The type shall be integer.

Returns#

Returns an array of same type and rank as the array argument.

Examples#

Sample program:

program demo_cshift
implicit none
integer, dimension(3,3) :: a
a = reshape( [ 1, 2, 3, 4, 5, 6, 7, 8, 9 ], [ 3, 3 ])
print '(3i3)', a(1,:)
print '(3i3)', a(2,:)
print '(3i3)', a(3,:)
a = cshift(a, SHIFT=[1, 2, -1], DIM=2)
print *
print '(3i3)', a(1,:)
print '(3i3)', a(2,:)
print '(3i3)', a(3,:)
end program demo_cshift


Results:

     1  4  7
2  5  8
3  6  9

4  7  1
8  2  5
9  3  6


Standard#

Fortran 95 and later

dot_product#

Name#

dot_product(3) - [TRANSFORMATIONAL] Dot product function

Syntax#

result = dot_product(vector_a, vector_b)


Description#

dot_product(vector_a, vector_b) computes the dot product multiplication of two vectors vectora and vector_b. The two vectors may be either numeric or logical and must be arrays of rank one and of equal size. If the vectors are _integer or real, the result is sum(vector_a*vector_b). If the vectors are complex, the result is sum(conjg(vector_a)*vector_b). If the vectors are logical, the result is any(vector_a .and. vector_b).

Arguments#

• vector_a

The type shall be numeric or logical, rank 1.

• vector_b

The type shall be numeric if vectora is of numeric type or _logical if vectora is of type _logical. vector_b shall be a rank-one array.

Returns#

If the arguments are numeric, the return value is a scalar of numeric type, integer, real, or complex. If the arguments are logical, the return value is .true. or .false..

Examples#

Sample program:

program demo_dot_prod
implicit none
integer, dimension(3) :: a, b
a = [ 1, 2, 3 ]
b = [ 4, 5, 6 ]
print '(3i3)', a
print *
print '(3i3)', b
print *
print *, dot_product(a,b)
end program demo_dot_prod


Results:

     1  2  3

4  5  6

32


Standard#

Fortran 95 and later

eoshift#

Name#

eoshift(3) - [TRANSFORMATIONAL] End-off shift elements of an array

Syntax#

result = eoshift(array, shift, boundary, dim)


Description#

eoshift(array, shift[, boundary, dim]) performs an end-off shift on elements of array along the dimension of dim. If dim is omitted it is taken to be 1. dim is a scalar of type integer in the range of 1 <= DIM <= n where “n” is the rank of array. If the rank of array is one, then all elements of array are shifted by shift places. If rank is greater than one, then all complete rank one sections of array along the given dimension are shifted. Elements shifted out one end of each rank one section are dropped. If boundary is present then the corresponding value from boundary is copied back in the other end. If boundary is not present then the following are copied in depending on the type of array.

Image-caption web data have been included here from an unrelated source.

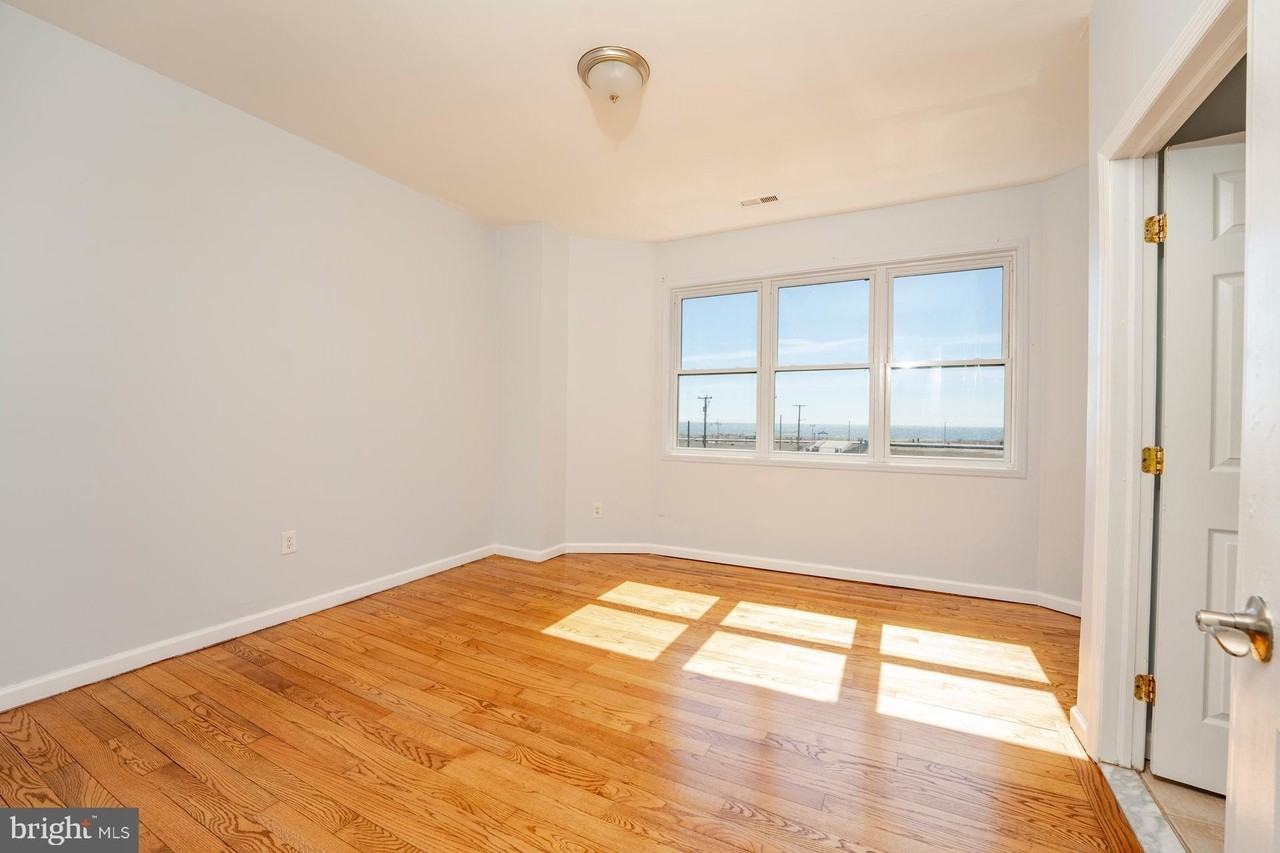 222 S RHODE Avenue unit: 5 - Photo 7 of 27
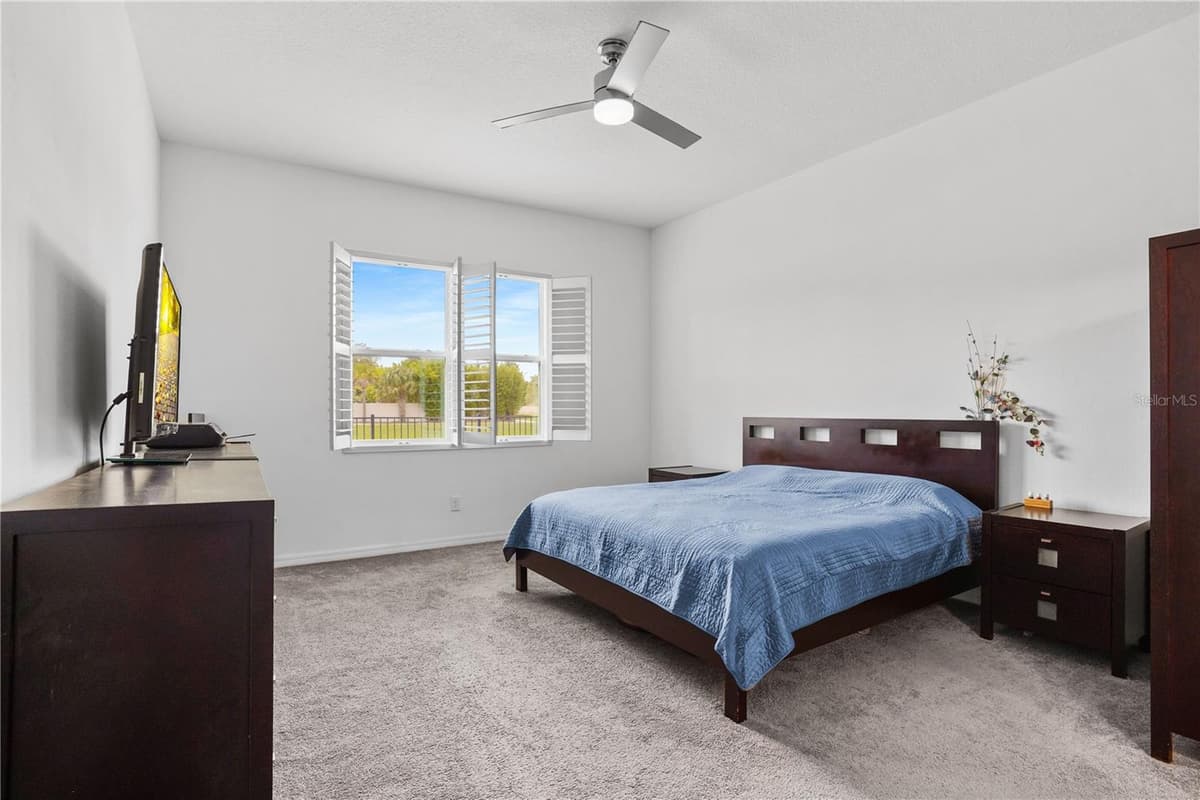 2052 EMERALD SPRINGS DRIVE — photo 15 of 47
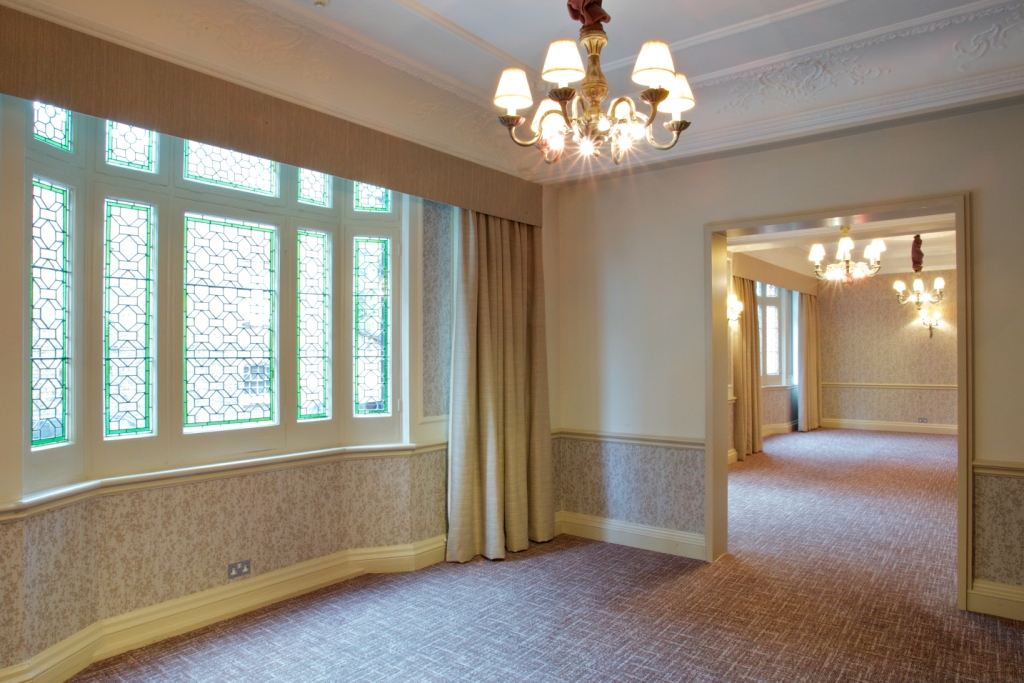 Salon Lillie and Oscar - Lillie & Oscar open space - compressed.jpg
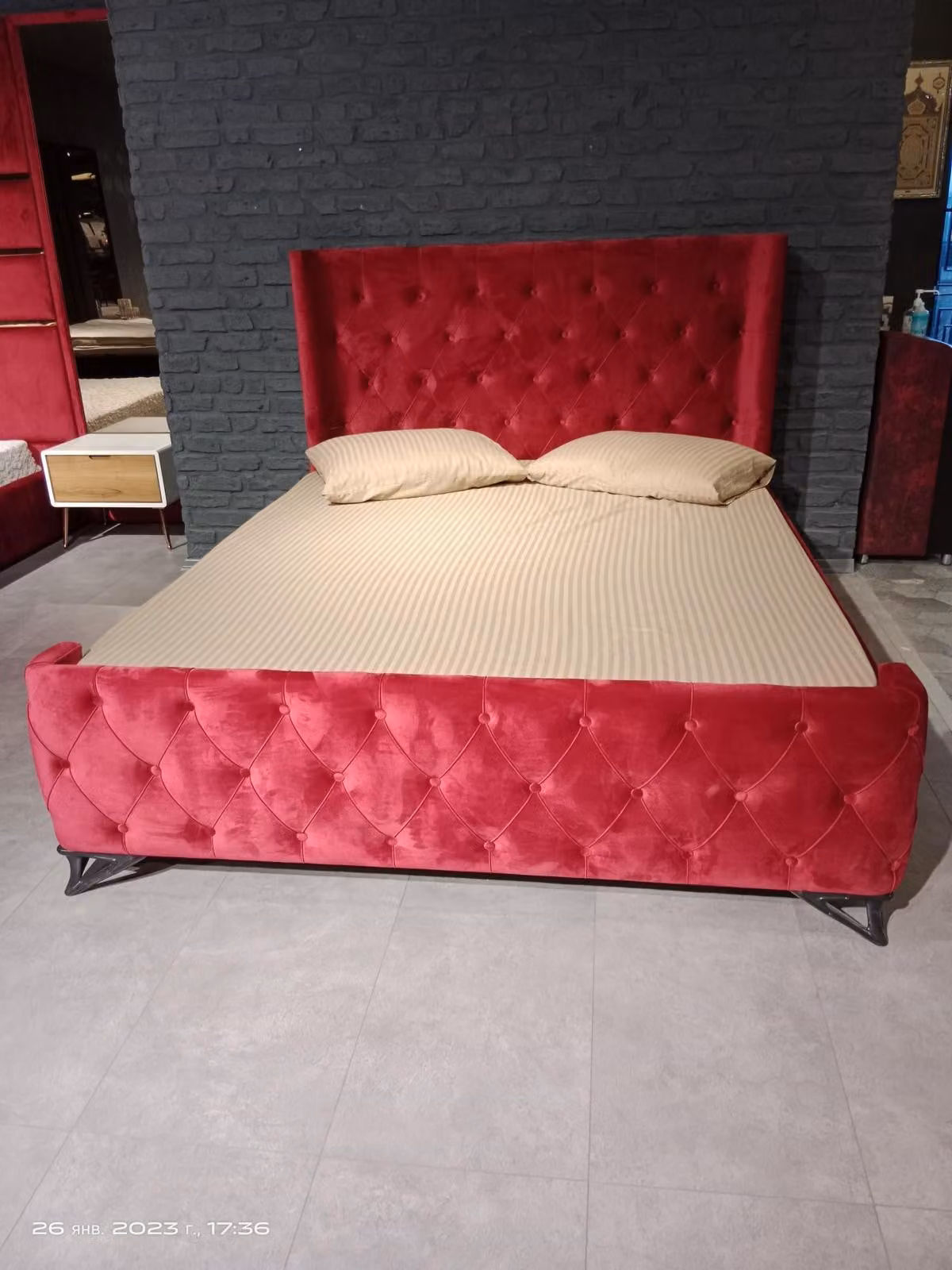 Schlafzimmer Chesterfield Bett Designer Betten Polster Luxus Hotel Rot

Array Type     | Boundary Value
-----------------------------------------------------
Numeric        | 0 of the type and kind of **array**
Logical        | .false.
Character(len) |  LEN blanks


Arguments#

• array

May be any type, not scalar.

• shift

The type shall be integer.

• boundary

Same type as ARRAY.

• dim

The type shall be integer.

Returns#

Returns an array of same type and rank as the array argument.

Examples#

Sample program:

program demo_eoshift
implicit none
integer, dimension(3,3) :: a
integer :: i

a = reshape( [ 1, 2, 3, 4, 5, 6, 7, 8, 9 ], [ 3, 3 ])
print '(3i3)', (a(i,:),i=1,3)

print *

! shift it
a = eoshift(a, SHIFT=[1, 2, 1], BOUNDARY=-5, DIM=2)
print '(3i3)', (a(i,:),i=1,3)

end program demo_eoshift


Results:

     1  4  7
2  5  8
3  6  9

4  7 -5
8 -5 -5
6  9 -5


Standard#

Fortran 95 and later

matmul#

Name#

matmul(3) - [TRANSFORMATIONAL] matrix multiplication

Syntax#

result = matmul(matrix_a, matrix_b)


Description#

Performs a matrix multiplication on numeric or logical arguments.

Arguments#

• matrix_a

An array of integer, real, complex, or logical type, with a rank of one or two.

• matrix_b

An array of integer, real, or complex type if matrix_a is of a numeric type; otherwise, an array of logical type. The rank shall be one or two, and the first (or only) dimension of matrix_b shall be equal to the last (or only) dimension of matrix_a.

Returns#

The matrix product of matrix_a and matrix_b. The type and kind of the result follow the usual type and kind promotion rules, as for the * or .and. operators.

Standard#

Fortran 95 and later

parity#

Name#

parity(3) - [TRANSFORMATIONAL] Reduction with exclusive OR()

Syntax#

result = parity(mask, dim)

type(logical(kind=LKIND))                    :: dim
type(integer(kind=KIND)),intent(in),optional :: dim


where KIND and LKIND are any supported kind for the type.

Description#

Calculates the parity (i.e. the reduction using .xor.) of mask along dimension dim.

Arguments#

Shall be an array of type logical.

• dim

(Optional) shall be a scalar of type integer with a value in the range from 1 to n, where n equals the rank of mask.

Returns#

The result is of the same type as mask.

If dim is absent, a scalar with the parity of all elements in mask is returned: .true. if an odd number of elements are .true. and .false. otherwise.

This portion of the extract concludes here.